Monday, April 4, 2016

Honesty, Action, Meaning

It would be nice to say: “there are no easy answers to these questions about consumption and travel and the general burning of carbon.” But that, I think, would be dishonest.  No, at least some of the answers are actually pretty easy:

  • Stay where you are.
  • Love what you have.
  • Share what you own.
  • Make what you need.
  • Grow what you eat.

It's ACCEPTING the answers that's hard. Especially if, in the word “accepting,” you include the notion of following through. Acting upon the truth. Changing your life.

Yes the changes can be painful. Especially at the start. The extraordinary thing though, is that the more you change your life, the more the changes surround and bless you with their own frame of reference. Your expectations reset themselves. Your tastes change. Some wishes positively disappear. 

But, how could traveling less give me a happier life, if traveling makes me happy? 

Or, how could not owning and consuming make me happier, if I just like to own and consume?

Well, there is really only one way to accomplish any of this. And it's NOT to say “travel is stupid.” Or “possessions are bad.” Or “consumption is selfish.” No the thing to do instead, is to take the life you adopt without travel, and make it into a life that does for you what traveling does. It's to take the life you adopt with fewer possessions and make it into a life that does for you what possessions do.  It's to take the life you adopt with less consumption, and make it into a life that does for you what consumption does

I'm not talking here just about taking a bad thing and making it into something that passes for good. This is not the proverbial “taking a lemon and making lemonade.”

Nor is this just about making do with less of something you really like. It's not giving a big sigh and going panning for gold flakes after you fail to break into Ft. Knox for an ingot.

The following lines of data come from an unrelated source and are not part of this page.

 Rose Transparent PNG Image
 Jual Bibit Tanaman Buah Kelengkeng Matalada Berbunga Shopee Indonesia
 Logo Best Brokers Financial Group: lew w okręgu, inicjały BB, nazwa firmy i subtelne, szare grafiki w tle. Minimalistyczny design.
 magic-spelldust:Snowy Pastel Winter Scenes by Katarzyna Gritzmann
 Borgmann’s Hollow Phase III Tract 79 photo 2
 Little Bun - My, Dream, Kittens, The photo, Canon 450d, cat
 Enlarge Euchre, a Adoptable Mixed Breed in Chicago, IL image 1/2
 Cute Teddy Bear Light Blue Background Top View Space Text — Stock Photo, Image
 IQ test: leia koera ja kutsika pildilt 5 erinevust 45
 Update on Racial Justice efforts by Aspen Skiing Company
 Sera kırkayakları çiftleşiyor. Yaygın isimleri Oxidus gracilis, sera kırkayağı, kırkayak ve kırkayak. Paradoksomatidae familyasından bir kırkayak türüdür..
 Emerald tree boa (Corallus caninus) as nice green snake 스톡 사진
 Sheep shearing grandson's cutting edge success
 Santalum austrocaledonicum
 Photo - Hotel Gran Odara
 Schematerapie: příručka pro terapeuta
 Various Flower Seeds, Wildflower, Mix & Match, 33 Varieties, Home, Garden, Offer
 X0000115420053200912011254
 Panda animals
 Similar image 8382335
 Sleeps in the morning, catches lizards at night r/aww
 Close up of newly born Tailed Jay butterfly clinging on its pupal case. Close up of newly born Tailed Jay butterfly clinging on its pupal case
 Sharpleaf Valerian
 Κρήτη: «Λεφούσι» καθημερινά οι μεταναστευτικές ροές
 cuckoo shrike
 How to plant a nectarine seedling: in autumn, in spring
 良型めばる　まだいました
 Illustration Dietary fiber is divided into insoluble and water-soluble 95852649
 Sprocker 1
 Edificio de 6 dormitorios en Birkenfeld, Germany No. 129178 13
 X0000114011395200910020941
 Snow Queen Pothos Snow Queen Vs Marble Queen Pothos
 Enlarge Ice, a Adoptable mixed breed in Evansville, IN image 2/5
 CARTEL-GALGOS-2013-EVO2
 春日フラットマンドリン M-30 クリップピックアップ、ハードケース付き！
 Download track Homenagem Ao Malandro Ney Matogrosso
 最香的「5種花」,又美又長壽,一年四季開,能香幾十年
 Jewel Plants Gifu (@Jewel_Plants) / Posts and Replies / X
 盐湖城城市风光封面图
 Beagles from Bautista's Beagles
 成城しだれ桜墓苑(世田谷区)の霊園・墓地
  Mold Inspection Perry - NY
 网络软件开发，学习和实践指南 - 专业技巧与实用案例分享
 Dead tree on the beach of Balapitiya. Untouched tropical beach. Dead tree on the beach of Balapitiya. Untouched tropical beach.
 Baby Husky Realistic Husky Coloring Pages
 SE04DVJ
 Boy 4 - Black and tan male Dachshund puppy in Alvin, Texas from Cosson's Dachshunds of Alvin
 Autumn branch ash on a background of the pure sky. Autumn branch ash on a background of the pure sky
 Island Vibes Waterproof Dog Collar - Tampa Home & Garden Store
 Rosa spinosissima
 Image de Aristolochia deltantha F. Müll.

It's something deeper. TS Eliot, in a different, though not SO different context, speaks of it this way:

...To arrive at what you do not know
You must go by a way which is the way of ignorance.
In order to possess what you do not possess
You must go by the way of dispossession.
In order to arrive at what you are not
You must go through the way in which you are not.

The point is that once you've committed to a certain kind of life and faithfully entered it, that life itself will transform you to fit the new pattern. You're changed by changing your life, and so you naturally feel at one with the change. It's something like getting into the water bravely with an “Aughh this is cold!” but then as time goes on and you've been swimming and immersed, you'd stay in the water if you could, because now it's getting back out in the open air that would make you cold.

Does this all sound silly? Impractical? Unnecessary? Maybe too abstract? Well, the evaluation is up to you. I think the beauty of life on earth is very great. I also think that it's in grave danger. The way that we relate to the earth has got to fundamentally change. Deeply, quickly, and exactly now we have to start living in such a way as to reverence the earth and the life upon it, human and non-human. I myself think that such reverence means moving toward the elemental and the basic, and in general stepping back from complexity and artifice. So, dirt and hands, not glass and robots; bikes and legs, not electric cars.

But most important, I think that this path of reverence and simplicity is in fact a path to fundamental meaning, and not a step away from meaning. I'm saying that, as time goes on, and the ice caps melt, learning to do with less for the sake of the ALL is in fact, exactly where meaning will most profitably be found.